It was Enoch Powell – newly in vogue among the young online right – who was the quintessential anti-American conservative (and an admirer of the similarly sceptical Charles de Gaulle). After the US equivocated between the UK and Argentina during the early stages of the Falklands War, he spoke of a “great liberation” in which “the scales fell from the eyes of the British public and they beheld the United States not in the fairy-tale disguise sustained so sedulously since 1942 but as that nation really is”. For some conservatives, Vance’s comments had a similarly demystifying effect.

After Iraq invaded Kuwait in 1990, Powell argued that the UK should remain on the sidelines, declaring that “Saddam Hussein has a long way to go yet before his troops come storming up the beaches of Kent or Sussex”.

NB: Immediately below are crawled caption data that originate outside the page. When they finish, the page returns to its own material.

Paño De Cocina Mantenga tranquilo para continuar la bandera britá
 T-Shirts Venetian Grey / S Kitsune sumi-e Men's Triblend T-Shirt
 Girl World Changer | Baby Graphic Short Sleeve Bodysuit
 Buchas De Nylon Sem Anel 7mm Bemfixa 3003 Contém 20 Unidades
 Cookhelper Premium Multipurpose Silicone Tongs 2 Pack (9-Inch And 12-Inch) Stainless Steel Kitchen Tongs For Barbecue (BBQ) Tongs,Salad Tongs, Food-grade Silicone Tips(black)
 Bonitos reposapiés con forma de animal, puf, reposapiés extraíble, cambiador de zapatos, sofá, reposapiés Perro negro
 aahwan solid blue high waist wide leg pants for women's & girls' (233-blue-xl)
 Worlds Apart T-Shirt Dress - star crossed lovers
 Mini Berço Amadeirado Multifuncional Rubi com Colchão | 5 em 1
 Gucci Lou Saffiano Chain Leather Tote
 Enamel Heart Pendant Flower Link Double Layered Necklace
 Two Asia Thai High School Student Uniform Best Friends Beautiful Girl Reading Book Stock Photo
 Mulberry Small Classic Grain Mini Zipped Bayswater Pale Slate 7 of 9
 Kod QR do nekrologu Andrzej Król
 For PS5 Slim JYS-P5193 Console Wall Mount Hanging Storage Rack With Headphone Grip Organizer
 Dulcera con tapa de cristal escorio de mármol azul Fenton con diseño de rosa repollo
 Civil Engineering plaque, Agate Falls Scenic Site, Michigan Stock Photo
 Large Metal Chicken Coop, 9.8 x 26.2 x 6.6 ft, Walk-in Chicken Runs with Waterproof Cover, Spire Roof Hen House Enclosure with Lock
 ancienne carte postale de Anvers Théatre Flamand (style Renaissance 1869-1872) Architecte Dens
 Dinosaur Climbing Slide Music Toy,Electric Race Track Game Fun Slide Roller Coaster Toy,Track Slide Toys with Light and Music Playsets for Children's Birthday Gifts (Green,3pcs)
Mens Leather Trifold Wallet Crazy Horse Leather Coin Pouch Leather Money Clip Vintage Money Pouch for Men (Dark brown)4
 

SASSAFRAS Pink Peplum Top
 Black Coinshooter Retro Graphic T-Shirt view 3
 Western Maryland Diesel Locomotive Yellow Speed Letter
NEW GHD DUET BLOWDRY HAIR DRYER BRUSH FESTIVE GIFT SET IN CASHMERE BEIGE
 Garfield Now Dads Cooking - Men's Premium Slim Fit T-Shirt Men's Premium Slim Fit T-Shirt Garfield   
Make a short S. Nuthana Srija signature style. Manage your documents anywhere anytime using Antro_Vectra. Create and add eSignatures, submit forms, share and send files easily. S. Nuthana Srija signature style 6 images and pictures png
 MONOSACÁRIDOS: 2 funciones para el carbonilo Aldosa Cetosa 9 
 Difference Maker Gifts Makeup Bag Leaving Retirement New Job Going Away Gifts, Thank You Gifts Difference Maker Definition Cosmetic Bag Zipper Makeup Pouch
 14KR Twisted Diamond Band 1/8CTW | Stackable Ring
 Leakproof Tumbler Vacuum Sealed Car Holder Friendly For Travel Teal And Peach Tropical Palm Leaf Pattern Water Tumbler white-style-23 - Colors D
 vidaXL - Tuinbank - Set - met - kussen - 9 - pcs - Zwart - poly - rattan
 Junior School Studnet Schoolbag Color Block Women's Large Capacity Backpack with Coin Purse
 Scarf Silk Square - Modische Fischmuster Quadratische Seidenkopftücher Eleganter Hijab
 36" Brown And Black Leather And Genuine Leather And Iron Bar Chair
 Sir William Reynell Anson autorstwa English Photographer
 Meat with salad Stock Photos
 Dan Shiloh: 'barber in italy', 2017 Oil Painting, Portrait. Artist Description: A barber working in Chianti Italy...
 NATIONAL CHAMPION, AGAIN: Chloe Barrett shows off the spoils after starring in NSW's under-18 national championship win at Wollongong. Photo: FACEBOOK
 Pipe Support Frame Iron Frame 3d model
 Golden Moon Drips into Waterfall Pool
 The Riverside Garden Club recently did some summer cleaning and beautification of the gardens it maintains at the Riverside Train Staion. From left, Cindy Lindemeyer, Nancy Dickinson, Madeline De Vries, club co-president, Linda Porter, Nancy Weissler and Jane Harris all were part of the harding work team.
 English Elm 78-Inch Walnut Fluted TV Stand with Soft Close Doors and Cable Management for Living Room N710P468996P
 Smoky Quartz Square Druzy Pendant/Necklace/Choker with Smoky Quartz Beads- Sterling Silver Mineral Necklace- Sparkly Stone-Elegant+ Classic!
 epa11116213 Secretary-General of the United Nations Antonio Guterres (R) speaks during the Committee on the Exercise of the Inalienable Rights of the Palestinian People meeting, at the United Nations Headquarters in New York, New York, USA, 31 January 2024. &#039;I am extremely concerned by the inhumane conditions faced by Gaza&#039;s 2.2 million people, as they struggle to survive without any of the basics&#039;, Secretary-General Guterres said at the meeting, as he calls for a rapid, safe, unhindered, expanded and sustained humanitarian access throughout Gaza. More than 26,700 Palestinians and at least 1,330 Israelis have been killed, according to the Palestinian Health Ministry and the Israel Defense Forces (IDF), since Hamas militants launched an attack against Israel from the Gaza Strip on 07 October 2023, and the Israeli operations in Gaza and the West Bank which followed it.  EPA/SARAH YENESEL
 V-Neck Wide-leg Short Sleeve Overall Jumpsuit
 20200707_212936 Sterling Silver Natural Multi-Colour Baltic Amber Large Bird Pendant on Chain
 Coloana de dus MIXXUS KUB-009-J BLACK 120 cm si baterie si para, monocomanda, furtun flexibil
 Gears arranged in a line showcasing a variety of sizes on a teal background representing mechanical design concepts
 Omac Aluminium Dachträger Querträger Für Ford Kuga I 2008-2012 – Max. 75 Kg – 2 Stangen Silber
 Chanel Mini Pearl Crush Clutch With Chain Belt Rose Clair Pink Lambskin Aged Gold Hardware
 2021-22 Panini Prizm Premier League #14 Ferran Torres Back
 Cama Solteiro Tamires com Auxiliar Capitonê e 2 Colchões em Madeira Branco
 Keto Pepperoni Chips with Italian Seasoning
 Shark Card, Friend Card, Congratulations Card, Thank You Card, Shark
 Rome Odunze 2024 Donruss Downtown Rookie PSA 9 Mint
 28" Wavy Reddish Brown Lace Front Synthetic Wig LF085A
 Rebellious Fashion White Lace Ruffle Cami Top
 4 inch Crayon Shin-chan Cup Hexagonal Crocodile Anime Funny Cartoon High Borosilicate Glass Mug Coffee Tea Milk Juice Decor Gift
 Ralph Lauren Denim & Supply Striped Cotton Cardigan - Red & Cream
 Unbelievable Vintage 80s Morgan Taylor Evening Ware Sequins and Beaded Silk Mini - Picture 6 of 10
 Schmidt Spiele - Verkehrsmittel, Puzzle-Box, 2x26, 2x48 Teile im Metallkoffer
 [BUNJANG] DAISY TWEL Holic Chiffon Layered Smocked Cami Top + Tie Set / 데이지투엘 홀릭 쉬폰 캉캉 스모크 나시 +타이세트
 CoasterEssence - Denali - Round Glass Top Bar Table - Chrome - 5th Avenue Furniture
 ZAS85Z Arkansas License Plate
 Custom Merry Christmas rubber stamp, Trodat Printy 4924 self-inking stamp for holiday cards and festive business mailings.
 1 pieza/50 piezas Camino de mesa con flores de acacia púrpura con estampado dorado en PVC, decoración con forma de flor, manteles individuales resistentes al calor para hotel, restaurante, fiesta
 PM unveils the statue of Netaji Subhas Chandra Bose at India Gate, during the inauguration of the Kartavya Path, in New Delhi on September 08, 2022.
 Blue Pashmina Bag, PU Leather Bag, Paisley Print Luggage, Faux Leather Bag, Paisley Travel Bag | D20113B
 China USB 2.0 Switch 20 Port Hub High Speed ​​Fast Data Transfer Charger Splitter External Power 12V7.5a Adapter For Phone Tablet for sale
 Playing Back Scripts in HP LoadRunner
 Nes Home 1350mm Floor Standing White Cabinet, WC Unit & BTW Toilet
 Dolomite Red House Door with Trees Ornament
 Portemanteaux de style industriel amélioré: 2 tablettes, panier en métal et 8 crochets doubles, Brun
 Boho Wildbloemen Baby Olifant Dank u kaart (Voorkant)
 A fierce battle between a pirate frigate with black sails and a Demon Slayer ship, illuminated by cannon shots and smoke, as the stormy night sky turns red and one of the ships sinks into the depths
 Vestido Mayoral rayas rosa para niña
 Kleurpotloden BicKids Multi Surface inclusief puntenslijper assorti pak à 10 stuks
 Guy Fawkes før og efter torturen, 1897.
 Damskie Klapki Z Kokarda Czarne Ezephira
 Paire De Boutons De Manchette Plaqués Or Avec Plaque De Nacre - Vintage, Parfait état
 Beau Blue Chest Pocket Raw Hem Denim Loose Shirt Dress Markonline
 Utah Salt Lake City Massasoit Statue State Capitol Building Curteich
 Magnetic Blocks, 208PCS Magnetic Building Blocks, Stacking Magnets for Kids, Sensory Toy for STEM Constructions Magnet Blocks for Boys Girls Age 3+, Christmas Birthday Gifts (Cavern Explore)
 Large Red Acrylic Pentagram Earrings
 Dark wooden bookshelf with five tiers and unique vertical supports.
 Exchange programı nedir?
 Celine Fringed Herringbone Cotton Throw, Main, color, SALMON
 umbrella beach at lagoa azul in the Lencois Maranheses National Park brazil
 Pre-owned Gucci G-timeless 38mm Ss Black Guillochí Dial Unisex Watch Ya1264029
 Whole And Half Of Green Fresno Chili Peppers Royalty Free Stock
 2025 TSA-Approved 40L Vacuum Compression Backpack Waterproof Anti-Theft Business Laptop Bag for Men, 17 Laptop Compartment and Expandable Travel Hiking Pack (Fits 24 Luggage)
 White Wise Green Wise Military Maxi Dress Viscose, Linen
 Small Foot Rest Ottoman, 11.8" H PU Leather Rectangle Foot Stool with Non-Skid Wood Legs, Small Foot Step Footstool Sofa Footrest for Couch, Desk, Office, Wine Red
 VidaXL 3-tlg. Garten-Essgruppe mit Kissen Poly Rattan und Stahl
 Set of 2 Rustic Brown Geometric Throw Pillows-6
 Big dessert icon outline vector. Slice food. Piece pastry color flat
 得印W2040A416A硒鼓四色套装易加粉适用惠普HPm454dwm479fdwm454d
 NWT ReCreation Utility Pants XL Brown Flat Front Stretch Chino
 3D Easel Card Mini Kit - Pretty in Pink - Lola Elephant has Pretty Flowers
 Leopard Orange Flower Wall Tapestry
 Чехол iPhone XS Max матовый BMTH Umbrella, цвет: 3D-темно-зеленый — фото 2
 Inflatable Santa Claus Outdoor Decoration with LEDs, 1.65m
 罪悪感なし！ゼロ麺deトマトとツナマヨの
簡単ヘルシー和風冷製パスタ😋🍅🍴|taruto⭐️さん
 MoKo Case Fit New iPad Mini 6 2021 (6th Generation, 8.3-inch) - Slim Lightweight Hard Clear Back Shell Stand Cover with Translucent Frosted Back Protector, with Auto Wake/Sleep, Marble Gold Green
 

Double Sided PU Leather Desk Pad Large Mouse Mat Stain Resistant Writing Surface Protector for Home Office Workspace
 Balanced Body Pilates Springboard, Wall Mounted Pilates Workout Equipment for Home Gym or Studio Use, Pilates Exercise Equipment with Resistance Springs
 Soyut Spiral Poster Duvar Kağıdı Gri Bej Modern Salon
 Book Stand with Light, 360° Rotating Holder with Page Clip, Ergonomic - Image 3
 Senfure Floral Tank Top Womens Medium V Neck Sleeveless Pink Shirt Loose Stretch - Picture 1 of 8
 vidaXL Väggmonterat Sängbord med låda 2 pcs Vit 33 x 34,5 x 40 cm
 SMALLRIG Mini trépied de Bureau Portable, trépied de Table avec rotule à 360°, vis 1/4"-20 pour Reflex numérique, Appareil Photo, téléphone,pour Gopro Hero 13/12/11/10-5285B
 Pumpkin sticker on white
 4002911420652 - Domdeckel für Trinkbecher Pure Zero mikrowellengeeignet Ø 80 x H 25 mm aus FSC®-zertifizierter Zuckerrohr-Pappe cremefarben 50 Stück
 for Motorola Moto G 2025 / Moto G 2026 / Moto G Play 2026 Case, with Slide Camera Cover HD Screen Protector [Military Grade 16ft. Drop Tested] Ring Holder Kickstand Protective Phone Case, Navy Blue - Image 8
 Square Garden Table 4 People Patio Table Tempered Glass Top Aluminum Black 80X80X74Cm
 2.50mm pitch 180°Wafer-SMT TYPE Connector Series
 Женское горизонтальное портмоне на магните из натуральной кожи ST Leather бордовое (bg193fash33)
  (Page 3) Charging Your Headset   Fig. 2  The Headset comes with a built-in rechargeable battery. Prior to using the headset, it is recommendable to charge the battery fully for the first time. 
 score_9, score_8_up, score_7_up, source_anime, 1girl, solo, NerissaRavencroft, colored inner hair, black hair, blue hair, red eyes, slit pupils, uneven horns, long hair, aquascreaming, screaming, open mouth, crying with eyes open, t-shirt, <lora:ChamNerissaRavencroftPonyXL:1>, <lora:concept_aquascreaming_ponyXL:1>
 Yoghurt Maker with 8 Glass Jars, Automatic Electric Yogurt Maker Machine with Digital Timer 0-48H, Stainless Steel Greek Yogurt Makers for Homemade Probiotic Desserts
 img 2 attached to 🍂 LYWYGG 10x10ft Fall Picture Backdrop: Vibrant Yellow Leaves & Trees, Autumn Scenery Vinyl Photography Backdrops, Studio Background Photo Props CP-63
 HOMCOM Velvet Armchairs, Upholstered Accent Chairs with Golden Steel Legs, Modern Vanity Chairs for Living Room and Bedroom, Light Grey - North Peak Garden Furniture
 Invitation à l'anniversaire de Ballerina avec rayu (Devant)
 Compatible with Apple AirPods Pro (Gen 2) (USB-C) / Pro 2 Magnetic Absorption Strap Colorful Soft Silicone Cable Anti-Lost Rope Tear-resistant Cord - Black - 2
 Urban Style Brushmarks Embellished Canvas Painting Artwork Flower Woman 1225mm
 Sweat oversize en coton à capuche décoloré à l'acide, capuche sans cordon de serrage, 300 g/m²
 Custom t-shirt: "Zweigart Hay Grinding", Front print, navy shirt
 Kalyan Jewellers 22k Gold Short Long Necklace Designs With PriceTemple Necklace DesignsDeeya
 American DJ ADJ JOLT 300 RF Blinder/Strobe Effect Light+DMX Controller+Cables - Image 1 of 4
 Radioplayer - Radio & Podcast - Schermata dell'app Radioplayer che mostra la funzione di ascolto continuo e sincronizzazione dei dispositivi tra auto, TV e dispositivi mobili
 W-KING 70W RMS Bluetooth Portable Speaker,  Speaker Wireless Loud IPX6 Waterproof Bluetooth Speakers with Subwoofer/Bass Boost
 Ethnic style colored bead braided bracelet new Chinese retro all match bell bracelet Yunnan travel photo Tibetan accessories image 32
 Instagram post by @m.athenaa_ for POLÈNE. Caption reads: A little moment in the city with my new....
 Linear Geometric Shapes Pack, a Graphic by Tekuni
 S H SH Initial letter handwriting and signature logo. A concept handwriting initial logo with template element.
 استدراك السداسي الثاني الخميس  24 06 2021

Glimmers of this isolationist tradition were occasionally witnessed during the 2003 Iraq War – 16 Tory MPs, including Ken Clarke, voted against intervention. Commentators such as Peter Oborne, Peter Hitchens and Geoffrey Wheatcroft indicted Tony Blair on conservative grounds. But the prevailing tone was set by Americophiles such as George Osborne and Liam Fox, who were sometimes bigger cheerleaders for the war than Labour itself.

Trump’s presidency, however, will see the rebirth of a dormant political species – the Americosceptic Tory. Should Keir Starmer’s closeness to Trump persist, the natural logic of opposition will guarantee it. The dominance of US Big Tech has already prompted the likes of Farage to inveigh against America’s economic hegemony. As Britain’s reliance on the US becomes ever clearer, don’t be surprised if conservatives decide that it’s time for a declaration of independence.